Leaders celebrate climate treaty and sustainable development goals but have failed to deliver on finance

The money needed to fight climate change and make the Sustainable Development Goals a reality is hidden in tax havens and stowed away in the pockets of vulture funds, as world leaders gather at the UN to sign the climate treaty and discuss the new goals.

The leaders arrived after three days of negotiations on Financing for Development ended in deadlock. 

Tove Maria Ryding, Tax Coordinator at the European Network on Debt and Development (Eurodad), said: “As the Panama Papers showed us, there’s no lack of money in the world. However, instead of being used to fund poverty reduction and climate action, billions of dollars are tucked away in tax havens. 

“During the Financing for Development negotiations, more than 130 developing countries have called for a transparent and democratic global tax process under the United Nations to resolve the problem of tax havens, but the proposal keeps getting blocked by rich OECD-member countries, several of which are tax havens themselves. The OECD has on the one hand rejected a fundamental reform of the rules, and on the other hand refused to let a more representative body do the job.

“We need our governments to start cooperating and committing to solving the crisis in the global tax system by kick-starting a negotiation under the United Nations. People all over the world are demanding change. Time to give it to them.”

This was also the week when Argentina had to take on new loans to pay 10 billion dollars to creditors known as ‘Vulture Funds’, which refused to participate in a debt restructuring agreement to resolve the country’s debt crisis. 

Bodo Ellmers, Debt Coordinator at Eurodad, said: “While countries are scrambling to find financing for development, vulture funds will pocket more than 10 billion dollars from Argentina. This is a tragic consequence of the fact that governments have failed to develop a global debt restructuring framework that can help countries out of crises. And Argentina is almost certainly not the last victim. At the moment, we’re seeing severe debt problems emerge in many of the world’s poorest countries.”

At the same time, new aid figures released by the OECD last week show that most developed countries have failed to deliver on their aid promises, and much of the money reported as ‘aid’ never leaves rich donor countries. 

Jeroen Kwakkenboes, Policy and Advocacy Manager specialising in aid at Eurodad, said: “Many rich countries have failed to deliver on promised financial support to poor countries. At the same time, they are raiding their aid budgets to pay costs in their own countries, often at the expense of the poorest. These funds are especially crucial for the world’s lowest-income countries, which will not be able to achieve the sustainable development goals without this support.”

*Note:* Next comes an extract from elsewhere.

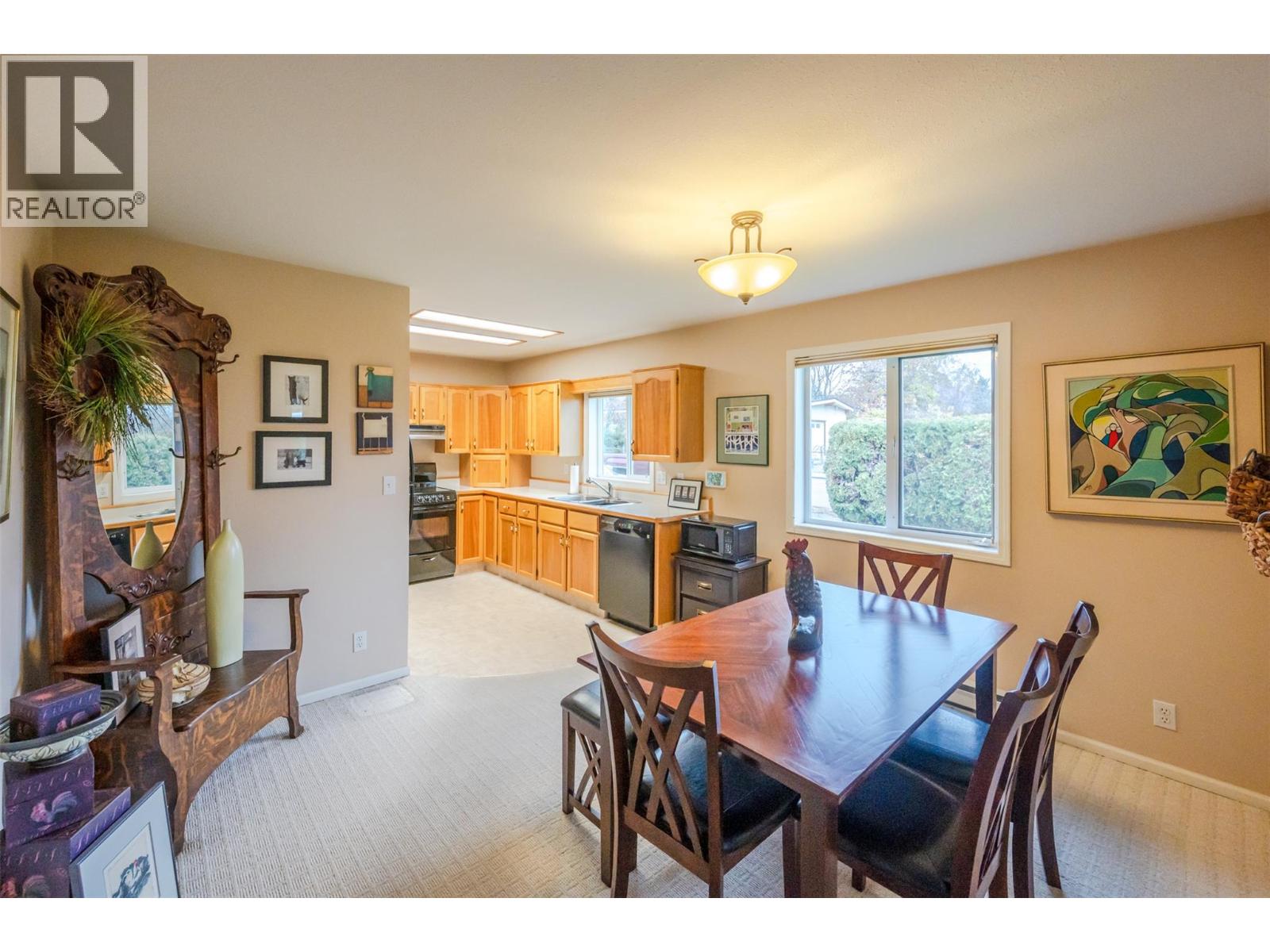 10505 Quinpool Road Unit# 9, Summerland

María José Romero, Private Finance Coordinator at Eurodad, added that instead of fulfilling aid commitments, world leaders are using increasing amounts of public funds to ‘leverage’ private finance, without ensuring there are sufficient checks and balances in place. “Last week the heads of multilateral development banks and finance ministers met in Washington to again push controversial tools to leverage international private capital to fund sustainable development projects. These include Public Private Partnerships. At the same time they have failed to ensure strong guidelines for financial, social and environmental accountability of private finance.”